Patience doesn’t pay. . . Is it commercial arrogance or plain ignorance?

16 May, 2018 - 00:05 0 Views

The Chronicle

Morris Mpala, MoB Capital Ltd
THEY have said patience is a virtue but they were wrong. The art of waiting is defined by the building blocks towards attaining what we self actualise and it doesn’t involve sleeping on duty as it were. Patience is timing than waiting. I have heard good things come to those that wait but my humble Hwange gut feeling strongly begs to differ.Business culture
This modern business culture is such that profits in a certain business are competed aggressively and unapologetically and any delay in implementing strategies, products/services dent the profit and loss account. In an era of technology, copying one’s business traits even intellectual property is at a lightning speed that you can’t stay relevant and be the only supplier (goods/services) for a longer time. And at times the changes on the market are such that what is cutting edge today can be obsolete the next day, thus, you never want to be caught napping as it were.

Market pioneers vs laggards
Attention span of the market is fickle and it is like a flash, not existing for a long span especially in the modern era. In pioneering the first adopters are giving business profits like never. Laggards on the market are just unreliable as competition will have kicked in and don’t give assured market unlike the first adopters of products/service. If you pioneer you are assured of major profits unless you can copy and surpass pioneers’ prowess on a product/service.

Adapt or die mantra
Those that don’t adapt become yester year stories and memories and lose relevance on the business arena. Change or die. It’s a hard knock life we are presently in. Whether it’s commercial arrogance or plain ignorance it will kill you. So adapting is mother of all necessities.

Early bird vs fat worm. These are wise words to virgin markets. You come onto the market first you will get business by virtue of your monopoly. Who doesn’t love the easy profits associated with monopolies and oligopolies? Remember the African saying “Late comers eat bones”?

Samsung vs Apple
This cutthroat business has seen aggressive, unethical manoeuvres in trying to protect their market through research and development. The competition of these two is about giving the latest market friendly gadgets/services to the market. The one who blinks will be considered irrelevant. Given this technology market is very lucrative at the moment these two will go at each for a while with each investing a lot in research in order to outcompete the other on latest gadgets that capture the markets imagination.

Nokia vs others
Nokia and Blackberry became dinosaurs after having dominated the phone business for a while. They remained in the Stone Age and were rendered irrelevant. They enjoyed the profits and relaxed patiently and overnight found they didn’t have the market. In the same vein we talk about the Kodak story.

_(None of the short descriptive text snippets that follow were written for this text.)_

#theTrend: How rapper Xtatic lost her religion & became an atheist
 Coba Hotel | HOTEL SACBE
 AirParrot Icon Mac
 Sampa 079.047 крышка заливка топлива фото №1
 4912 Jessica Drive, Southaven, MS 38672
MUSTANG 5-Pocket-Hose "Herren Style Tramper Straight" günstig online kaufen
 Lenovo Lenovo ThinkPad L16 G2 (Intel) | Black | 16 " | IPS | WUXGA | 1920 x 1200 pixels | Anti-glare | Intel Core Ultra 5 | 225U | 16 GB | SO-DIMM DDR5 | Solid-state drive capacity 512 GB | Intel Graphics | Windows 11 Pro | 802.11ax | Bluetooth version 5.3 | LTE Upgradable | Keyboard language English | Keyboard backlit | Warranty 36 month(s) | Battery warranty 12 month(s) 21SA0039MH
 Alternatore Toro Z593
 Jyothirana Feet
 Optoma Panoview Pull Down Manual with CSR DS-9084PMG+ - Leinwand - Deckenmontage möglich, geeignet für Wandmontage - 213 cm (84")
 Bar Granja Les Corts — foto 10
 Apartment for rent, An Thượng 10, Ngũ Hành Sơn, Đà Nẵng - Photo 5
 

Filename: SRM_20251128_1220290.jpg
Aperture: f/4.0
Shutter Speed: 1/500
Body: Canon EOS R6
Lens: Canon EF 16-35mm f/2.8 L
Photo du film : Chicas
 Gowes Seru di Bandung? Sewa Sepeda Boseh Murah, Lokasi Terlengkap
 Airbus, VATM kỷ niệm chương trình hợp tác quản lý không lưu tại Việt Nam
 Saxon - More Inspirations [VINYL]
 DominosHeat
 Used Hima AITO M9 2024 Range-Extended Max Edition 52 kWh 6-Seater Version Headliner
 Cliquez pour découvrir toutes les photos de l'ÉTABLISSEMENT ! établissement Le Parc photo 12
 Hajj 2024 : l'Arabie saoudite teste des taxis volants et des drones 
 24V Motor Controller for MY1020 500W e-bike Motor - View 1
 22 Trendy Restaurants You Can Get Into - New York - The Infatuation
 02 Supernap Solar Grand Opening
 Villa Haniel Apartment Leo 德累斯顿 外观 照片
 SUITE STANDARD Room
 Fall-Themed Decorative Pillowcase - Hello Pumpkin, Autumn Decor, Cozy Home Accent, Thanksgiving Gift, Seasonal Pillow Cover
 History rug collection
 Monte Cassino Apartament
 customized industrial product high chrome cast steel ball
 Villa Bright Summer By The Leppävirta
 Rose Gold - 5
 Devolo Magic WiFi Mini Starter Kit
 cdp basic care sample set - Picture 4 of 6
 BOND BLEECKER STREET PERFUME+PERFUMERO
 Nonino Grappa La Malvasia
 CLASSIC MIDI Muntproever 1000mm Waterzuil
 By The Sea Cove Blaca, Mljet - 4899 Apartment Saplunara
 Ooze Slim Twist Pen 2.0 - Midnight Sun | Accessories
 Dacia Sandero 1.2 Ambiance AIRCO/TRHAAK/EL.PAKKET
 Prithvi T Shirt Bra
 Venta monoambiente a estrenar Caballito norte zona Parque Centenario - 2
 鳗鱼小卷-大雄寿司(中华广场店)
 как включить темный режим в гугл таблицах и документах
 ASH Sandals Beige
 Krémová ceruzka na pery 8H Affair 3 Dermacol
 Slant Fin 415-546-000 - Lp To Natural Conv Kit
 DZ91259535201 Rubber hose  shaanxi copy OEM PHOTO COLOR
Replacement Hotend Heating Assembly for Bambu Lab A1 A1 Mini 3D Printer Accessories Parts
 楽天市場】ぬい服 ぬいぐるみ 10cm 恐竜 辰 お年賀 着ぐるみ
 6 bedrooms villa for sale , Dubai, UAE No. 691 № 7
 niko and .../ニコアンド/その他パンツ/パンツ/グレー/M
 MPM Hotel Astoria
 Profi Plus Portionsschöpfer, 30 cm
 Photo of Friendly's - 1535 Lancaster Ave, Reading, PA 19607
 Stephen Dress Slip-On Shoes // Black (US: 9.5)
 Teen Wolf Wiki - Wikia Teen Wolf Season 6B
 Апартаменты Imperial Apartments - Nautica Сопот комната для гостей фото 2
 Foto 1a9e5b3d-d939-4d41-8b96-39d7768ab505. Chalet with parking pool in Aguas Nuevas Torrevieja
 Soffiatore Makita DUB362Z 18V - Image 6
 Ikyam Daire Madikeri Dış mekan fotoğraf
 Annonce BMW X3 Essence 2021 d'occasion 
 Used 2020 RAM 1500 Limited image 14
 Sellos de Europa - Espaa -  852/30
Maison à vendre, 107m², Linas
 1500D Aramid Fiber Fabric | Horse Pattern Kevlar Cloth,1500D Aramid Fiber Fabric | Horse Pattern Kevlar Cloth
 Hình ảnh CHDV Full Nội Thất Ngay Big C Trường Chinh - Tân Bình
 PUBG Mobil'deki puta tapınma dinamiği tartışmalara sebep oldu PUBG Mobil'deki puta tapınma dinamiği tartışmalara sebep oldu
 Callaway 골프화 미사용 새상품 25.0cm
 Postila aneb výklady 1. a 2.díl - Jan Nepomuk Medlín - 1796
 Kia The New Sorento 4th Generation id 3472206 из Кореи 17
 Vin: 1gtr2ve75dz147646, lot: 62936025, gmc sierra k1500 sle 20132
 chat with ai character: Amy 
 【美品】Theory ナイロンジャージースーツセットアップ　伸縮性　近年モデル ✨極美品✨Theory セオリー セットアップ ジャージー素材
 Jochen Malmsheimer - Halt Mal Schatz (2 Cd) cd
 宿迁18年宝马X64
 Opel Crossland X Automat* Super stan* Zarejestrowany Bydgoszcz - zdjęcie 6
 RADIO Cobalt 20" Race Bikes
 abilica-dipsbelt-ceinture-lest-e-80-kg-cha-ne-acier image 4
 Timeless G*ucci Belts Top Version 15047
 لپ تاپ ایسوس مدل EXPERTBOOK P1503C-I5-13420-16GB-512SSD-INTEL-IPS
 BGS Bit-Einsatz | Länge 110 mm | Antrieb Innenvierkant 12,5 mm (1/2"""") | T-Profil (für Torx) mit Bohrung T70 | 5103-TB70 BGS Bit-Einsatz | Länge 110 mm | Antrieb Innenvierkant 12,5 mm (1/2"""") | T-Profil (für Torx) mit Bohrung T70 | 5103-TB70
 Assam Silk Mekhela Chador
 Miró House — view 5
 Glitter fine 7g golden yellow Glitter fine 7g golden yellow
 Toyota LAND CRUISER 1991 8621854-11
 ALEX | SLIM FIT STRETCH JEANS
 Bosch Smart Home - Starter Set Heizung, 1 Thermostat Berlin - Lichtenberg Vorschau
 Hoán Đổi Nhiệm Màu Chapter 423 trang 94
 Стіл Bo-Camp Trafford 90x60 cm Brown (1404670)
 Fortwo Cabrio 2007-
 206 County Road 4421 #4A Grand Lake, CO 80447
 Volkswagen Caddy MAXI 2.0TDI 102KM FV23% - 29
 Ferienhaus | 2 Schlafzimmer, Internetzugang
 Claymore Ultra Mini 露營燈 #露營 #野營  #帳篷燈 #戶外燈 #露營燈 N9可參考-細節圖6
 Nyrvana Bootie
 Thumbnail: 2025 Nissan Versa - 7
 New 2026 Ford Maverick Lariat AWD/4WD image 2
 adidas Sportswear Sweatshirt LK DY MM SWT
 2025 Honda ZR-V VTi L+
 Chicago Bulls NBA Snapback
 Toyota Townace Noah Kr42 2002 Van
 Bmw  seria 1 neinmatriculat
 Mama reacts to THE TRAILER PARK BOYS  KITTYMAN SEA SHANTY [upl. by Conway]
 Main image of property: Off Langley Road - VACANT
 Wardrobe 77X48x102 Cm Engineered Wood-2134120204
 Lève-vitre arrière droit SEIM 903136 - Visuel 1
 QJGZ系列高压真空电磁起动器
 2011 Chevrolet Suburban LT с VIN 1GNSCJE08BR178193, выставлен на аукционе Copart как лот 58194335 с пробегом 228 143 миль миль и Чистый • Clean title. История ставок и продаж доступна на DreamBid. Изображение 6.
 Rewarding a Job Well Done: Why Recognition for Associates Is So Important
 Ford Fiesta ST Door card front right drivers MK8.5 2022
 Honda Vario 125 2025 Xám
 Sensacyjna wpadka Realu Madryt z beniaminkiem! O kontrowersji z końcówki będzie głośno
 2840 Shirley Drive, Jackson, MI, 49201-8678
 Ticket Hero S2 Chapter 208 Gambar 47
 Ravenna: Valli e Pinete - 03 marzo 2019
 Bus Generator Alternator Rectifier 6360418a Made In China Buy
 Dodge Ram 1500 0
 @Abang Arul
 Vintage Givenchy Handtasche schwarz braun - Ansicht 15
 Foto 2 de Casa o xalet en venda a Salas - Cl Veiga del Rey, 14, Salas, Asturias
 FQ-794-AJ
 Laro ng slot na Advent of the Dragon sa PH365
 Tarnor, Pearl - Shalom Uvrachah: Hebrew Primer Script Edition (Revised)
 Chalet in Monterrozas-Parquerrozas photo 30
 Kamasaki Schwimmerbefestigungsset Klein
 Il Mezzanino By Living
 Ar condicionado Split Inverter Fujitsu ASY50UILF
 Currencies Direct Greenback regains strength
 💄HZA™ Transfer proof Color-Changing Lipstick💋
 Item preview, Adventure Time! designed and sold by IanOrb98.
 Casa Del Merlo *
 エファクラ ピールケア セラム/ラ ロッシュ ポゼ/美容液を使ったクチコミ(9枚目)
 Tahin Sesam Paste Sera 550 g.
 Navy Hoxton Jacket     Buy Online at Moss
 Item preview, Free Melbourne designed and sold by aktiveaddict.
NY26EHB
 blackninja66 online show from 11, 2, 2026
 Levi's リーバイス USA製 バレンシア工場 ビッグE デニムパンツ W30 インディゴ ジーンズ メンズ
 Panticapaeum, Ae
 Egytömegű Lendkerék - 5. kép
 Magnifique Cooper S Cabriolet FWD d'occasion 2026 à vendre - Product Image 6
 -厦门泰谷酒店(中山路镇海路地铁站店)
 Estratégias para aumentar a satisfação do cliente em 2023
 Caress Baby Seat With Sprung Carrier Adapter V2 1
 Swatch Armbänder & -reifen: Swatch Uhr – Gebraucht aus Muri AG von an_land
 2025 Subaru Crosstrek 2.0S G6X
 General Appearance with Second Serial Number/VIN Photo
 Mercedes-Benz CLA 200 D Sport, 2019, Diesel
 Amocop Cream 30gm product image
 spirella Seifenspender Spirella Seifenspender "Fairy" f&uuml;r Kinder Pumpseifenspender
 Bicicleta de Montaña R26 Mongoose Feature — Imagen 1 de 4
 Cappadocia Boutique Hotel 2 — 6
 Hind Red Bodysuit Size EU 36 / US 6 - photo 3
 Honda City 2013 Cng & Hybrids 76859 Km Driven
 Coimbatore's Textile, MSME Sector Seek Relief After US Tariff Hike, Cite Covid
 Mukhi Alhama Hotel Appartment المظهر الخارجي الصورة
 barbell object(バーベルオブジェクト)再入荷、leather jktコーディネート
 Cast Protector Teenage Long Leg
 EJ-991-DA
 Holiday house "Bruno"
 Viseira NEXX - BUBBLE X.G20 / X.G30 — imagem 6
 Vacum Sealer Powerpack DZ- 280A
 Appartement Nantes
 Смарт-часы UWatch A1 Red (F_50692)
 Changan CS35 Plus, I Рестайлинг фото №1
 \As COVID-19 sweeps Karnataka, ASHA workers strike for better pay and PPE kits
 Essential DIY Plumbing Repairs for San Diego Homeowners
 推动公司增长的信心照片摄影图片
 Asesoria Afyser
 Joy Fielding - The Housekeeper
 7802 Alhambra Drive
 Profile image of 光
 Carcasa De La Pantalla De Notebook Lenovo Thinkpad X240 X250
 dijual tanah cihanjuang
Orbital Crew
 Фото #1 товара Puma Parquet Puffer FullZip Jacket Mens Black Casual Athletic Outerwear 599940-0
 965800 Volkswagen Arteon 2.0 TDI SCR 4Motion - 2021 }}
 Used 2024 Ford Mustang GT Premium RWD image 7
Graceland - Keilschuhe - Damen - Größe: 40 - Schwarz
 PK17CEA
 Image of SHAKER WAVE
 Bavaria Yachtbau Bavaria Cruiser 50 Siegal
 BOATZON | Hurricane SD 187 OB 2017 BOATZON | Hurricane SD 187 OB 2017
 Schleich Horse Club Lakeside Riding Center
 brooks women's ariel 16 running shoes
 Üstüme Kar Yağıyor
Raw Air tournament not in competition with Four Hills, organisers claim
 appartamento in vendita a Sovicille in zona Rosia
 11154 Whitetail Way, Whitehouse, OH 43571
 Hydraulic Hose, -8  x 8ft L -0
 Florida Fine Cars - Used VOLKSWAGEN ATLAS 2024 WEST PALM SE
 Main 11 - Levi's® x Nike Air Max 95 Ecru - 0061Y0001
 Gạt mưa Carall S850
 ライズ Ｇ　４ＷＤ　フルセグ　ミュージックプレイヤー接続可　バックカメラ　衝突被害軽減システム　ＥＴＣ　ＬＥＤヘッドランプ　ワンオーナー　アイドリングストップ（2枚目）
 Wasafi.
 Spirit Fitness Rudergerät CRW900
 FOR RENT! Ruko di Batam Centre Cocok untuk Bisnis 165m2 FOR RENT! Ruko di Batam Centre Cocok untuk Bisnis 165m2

They delayed implementing necessary changes and they lost the market. Back home PTC couldn’t move in quickly and they have been found wanting on the market despite enjoying yester-year monopoly.

You snooze you lose.

Merlin vs pampers
Obsolete machinery against cutting edge technology was the undoing here. While the market was loving the sexier pampers Merlin obsessed with napkins and it caused business headaches for the once dominate and market leader called Merlin. Catching up with the market trends became costly and at a slower pace thus viability challenges ensued and remedying is huge capital outlay.

ZUPCO vs kombis
There was once ZUPCO but we all know what happened when kombis where introduced. A once reliable and religiously frequented ZUPCO transport system was left to lick its wounds because it couldn’t adopt what the passengers were yearning for, small reliable, convenient and time conscious system, even though kombis were illegally operating in the first years.

Kombis vs Honda Fits
Let’s forgo the illegality of the latter and focus on the service being offered. The latter has managed to plug the gap that ordinarily the kombis plugged effectively by pushing ZUPCO out offering convenience. The smaller, quicker pirate taxis market being serviced by mushikashikas has competed for profits from registered owners. Competition has become stiff and survival strategies have to be adopted to counter the manoeuvres or risk death of kombis like ZUPCO. Remember the (in)famous Peugeot 404s?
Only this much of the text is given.